Question

Use technology to sketch \(x=2 \tan (t), y=3 \sec (t),-\pi

Short answer

Graph the parametric equations using a software to see a hyperbola with vertical asymptotes at \(t = \frac{\pi}{2}\) and \(t = -\frac{\pi}{2}\).

Step-by-step solution

Understanding the Problem

We need to use a technology tool (such as a graphing calculator or software) to plot the parametric equations given: \(x = 2 \tan(t)\) and \(y = 3 \sec(t)\) over the interval \(-\pi < t < \pi\). This involves graphing a set of equations where \(x\) and \(y\) depend on a third parameter, \(t\).

Analyze the Functions

Identify how the functions work: \(\tan(t)\) and \(\sec(t)\) have vertical asymptotes where \(\cos(t) = 0\), which happens at \(t = \frac{\pi}{2}\) and \(t = -\frac{\pi}{2}\). These asymptotes partition the \(t\)-domain into separate intervals, which will reflect as undefined portions in the sketch.

Choosing Software

Select a graphing tool that allows parametric plotting. Tools like Desmos, GeoGebra, or a graphing calculator can be used. They generally have features to input parametric equations directly.

Input the Equations

Open the graphing tool and enter the parametric equations. Many tools ask for \((x(t), y(t))\), so input "x = 2 * tan(t)" and "y = 3 * sec(t)". Set the parameter \(t\) to vary within the interval \(-\pi < t < \pi\).

Analyze the Graph

Observe the plotted graph. The graph will show a hyperbolic shape with vertical asymptotes at \(t = \frac{\pi}{2}\) and \(t = -\frac{\pi}{2}\), where both \(\tan(t)\) and \(\sec(t)\) become undefined. The graph will be symmetric with respect to the x-axis due to the symmetry of \(\tan(t)\) and \(\sec(t)\).

Key concepts

Graphing Techniques

Graphing parametric equations involves plotting points based on an independent variable parameter, often denoted by \( t \). This differs from regular Cartesian graphs where you have a direct \( y = f(x) \) relationship. With parametric equations, each coordinate (\( x \) and \( y \)) is separately expressed as functions of \( t \). To graph such equations, you use a graphing calculator or software capable of parametric plotting.

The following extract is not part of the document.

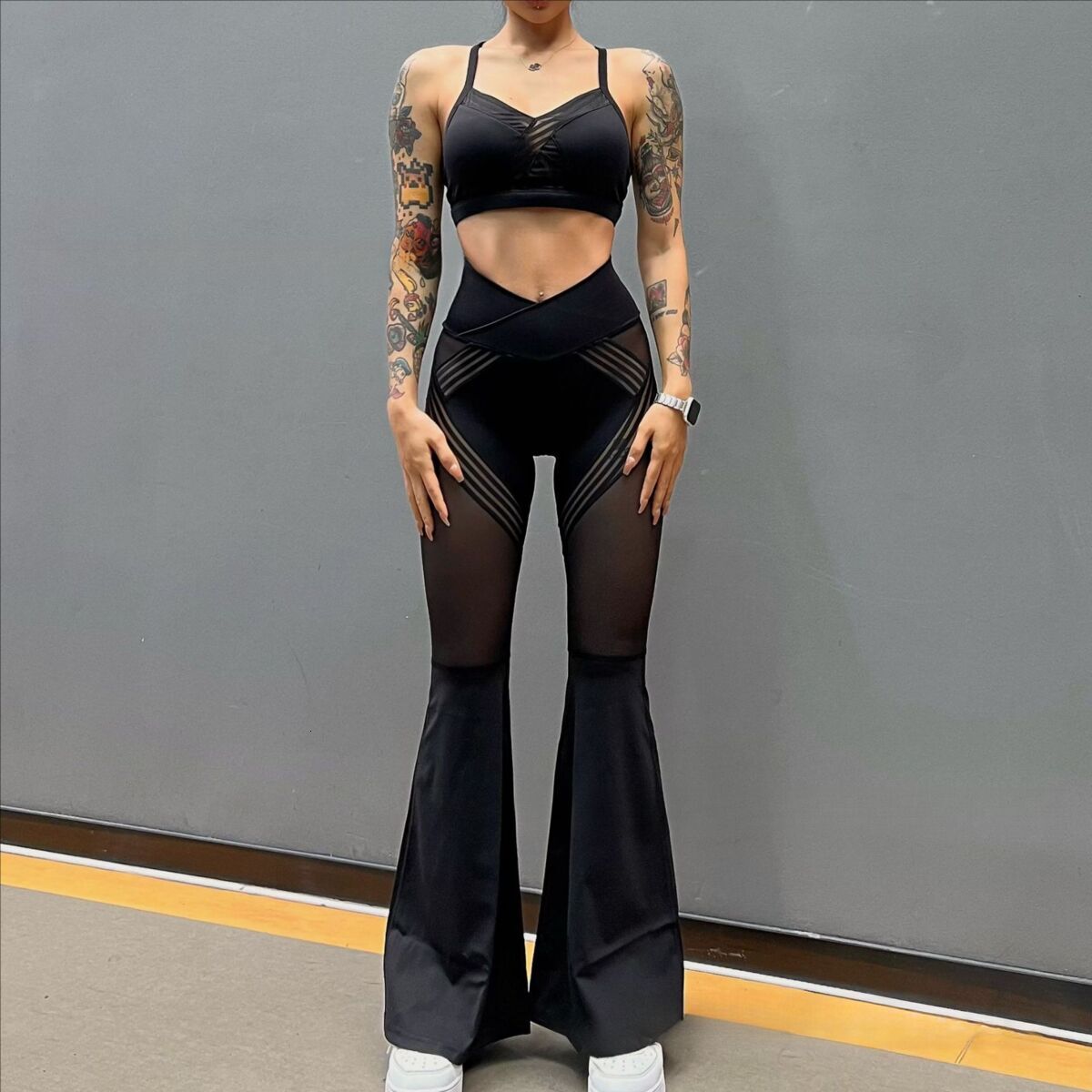 Spicy Girl Sexy Mesh Spliced Loudspeaked Pants Women's Fitness Yoga Dance High Waist Leisure Slimming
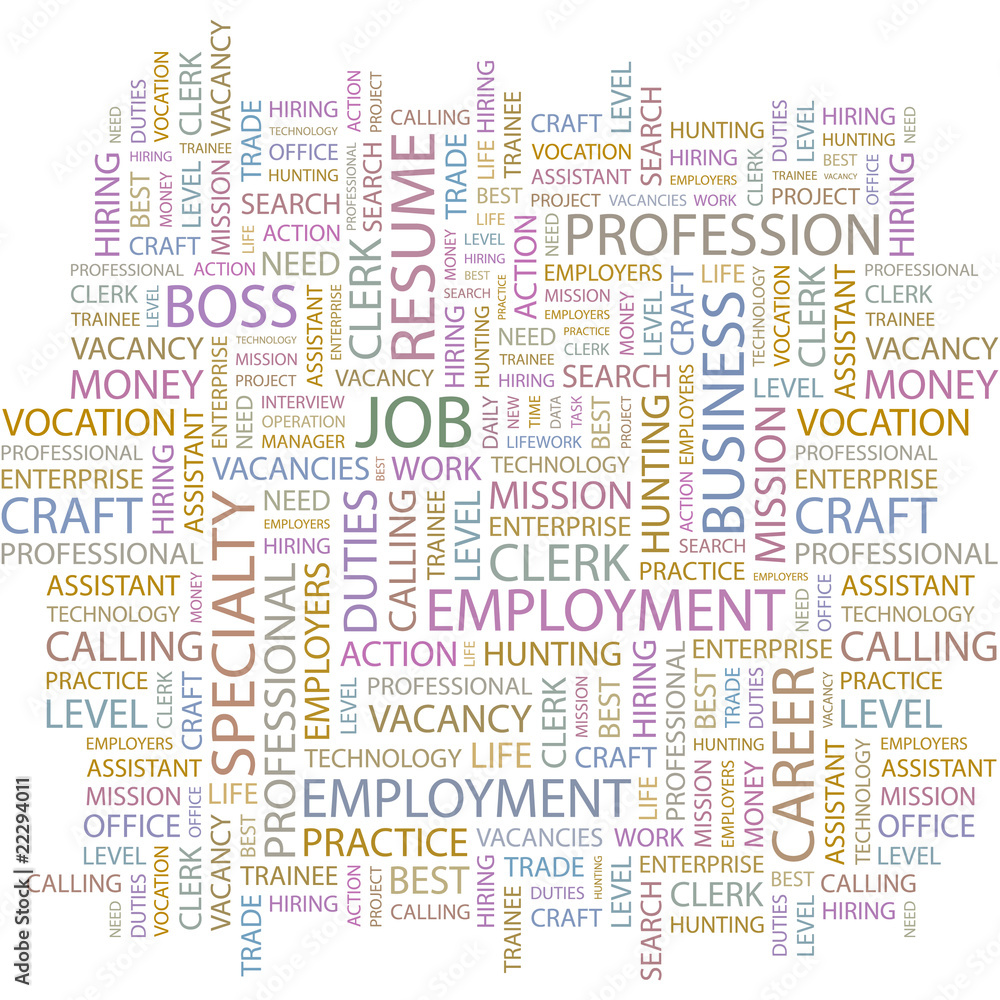 JOB. Word collage on white background. JOB. Word collage on white background.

When graphing, you first select the appropriate tool. Next, input the equations for \( x(t) \) and \( y(t) \). It's essential to define the range for \( t \), which in our case is from \(-\pi\) to \(\pi\). As the parameter \( t \) varies, the graphing tool calculates corresponding \( x \) and \( y \) values. The beauty of tech-aided graphing is its ability to handle complex equations, effectively showing behaviors like asymptotes and symmetry, which might be tedious to calculate by hand.

Trigonometric Functions

Trigonometric functions like \( \tan(t) \) and \( \sec(t) \) play a crucial role in parametric equations. The tangent function, \( \tan(t) \), is defined as the ratio of sine to cosine, \( \tan(t) = \frac{\sin(t)}{\cos(t)} \). It is periodic with a period of \( \pi \), which causes it to repeat its behavior every \( \pi \) units.

The secant function, \( \sec(t) \), is the reciprocal of the cosine function, \( \sec(t) = \frac{1}{\cos(t)} \). It inherits the properties of cosine, particularly undefined points where \( \cos(t) = 0 \). Both functions display vertical asymptotes at these points. For our exercise, these are at \( t = \frac{\pi}{2} \) and \( t = -\frac{\pi}{2} \).

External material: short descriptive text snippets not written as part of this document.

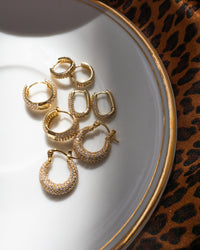 Pave Chain Link Huggies- Gold (Ships Mid December) View 10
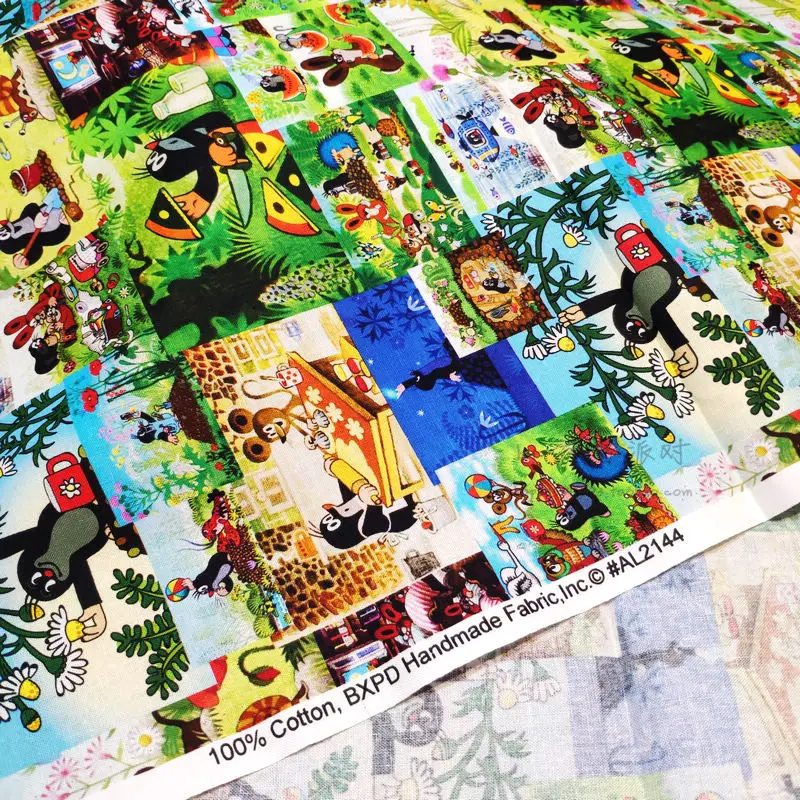AL2144 - BTY 1 ярд хлопчатобумажная тканая ткань-Ретро Мультяшные персонажи винтажная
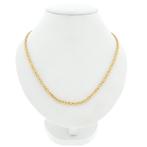 Gouden vierkante koningsketting | 49,5 cm (unisex, karabijn), Ophalen of Verzenden, Gebruikt, Overige kleuren, Goud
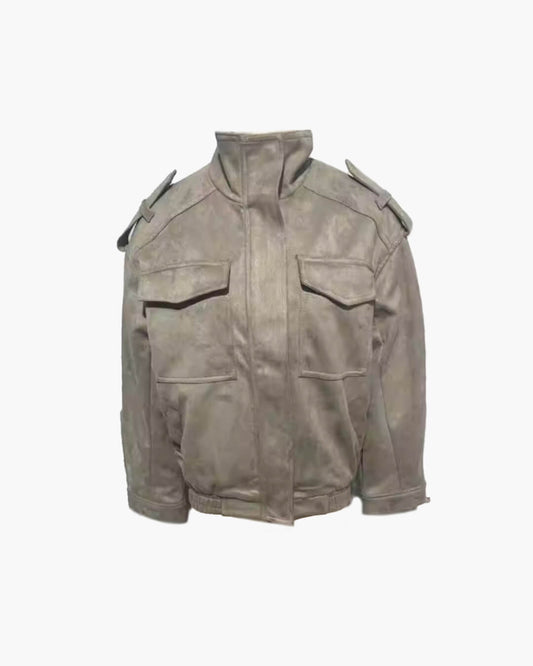 Delphine High-Neck Suede Jacket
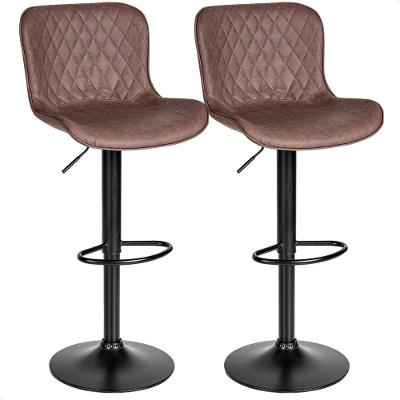 Banqueta Para Cozinha Americana Alta Bar Balcão P080 Kit 02 Unidades Marrom Café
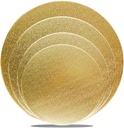 4 Pack Gold Cake Boards Round Cake Circles 6, 8, 10, 12 Inch Cake Base Cardboard, 1 of Each Size Set for Baking Cake, Wedding Birthday Cake, Dessert, Cake, Pizza Decorating and Exhibition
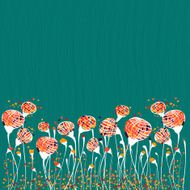 Turquoise background with ornamental buds and petals N2
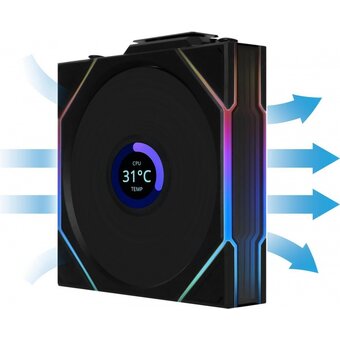  Комплект вентиляторов (3шт.) Lian Li Uni Fan TL Wireless LCD 120 (G99.12TLLCD1W3B.R0)/12TLLCD1W3B Black/120x124x28мм (PWM, ARGB, 1900 об/мин (Max.)) 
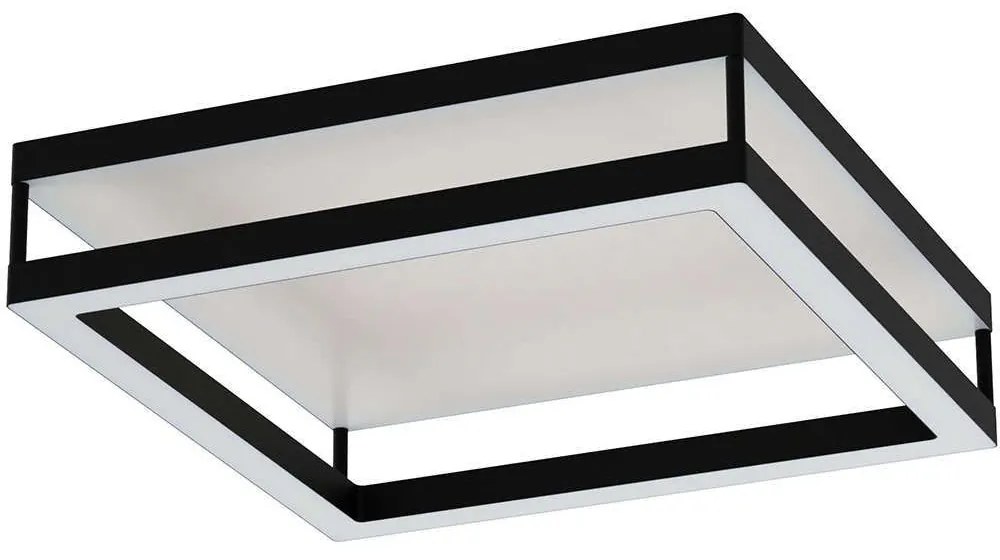 Φωτιστικό Οροφής - Πλαφονιέρα Macellara 390018 45x45x15cm Led Black-White Eglo Steel,Plastic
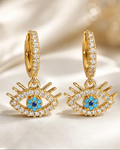 Crystal Evil Eye Drop Hoop Earrings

Since \( \tan(t) \) has an odd symmetry and \( \sec(t) \) has even symmetry, when you graph them together in parametric form, the resulting curve often has interesting symmetric properties. Knowing these fundamental trigonometric identities helps in predicting and understanding the plotted shapes.

Asymptotes

Asymptotes are lines that a curve approaches but never actually touches or crosses. In the graph of parametric equations containing \( \tan(t) \) and \( \sec(t) \), vertical asymptotes occur where these functions are undefined.

For \( \tan(t) \) and \( \sec(t) \), vertical asymptotes appear at \( t = \frac{\pi}{2} \) and \( t = -\frac{\pi}{2} \) because \( \cos(t) = 0 \) at these points. This results in undefined values—\( \tan(t) \) tends towards positive or negative infinity, and \( \sec(t) \) has discontinuities, mirrored in the sketched graph as lines that \( x \) and \( y \) approach but do not touch.

Understanding these asymptotes is key in predicting the appearance of the graph, avoiding any misleading assumptions about the behavior of the curve beyond these undefined points. Asymptotic behavior often dictates the structure of the graph and its segments, ensuring that calculations remain anchored in the realms of real, defined values.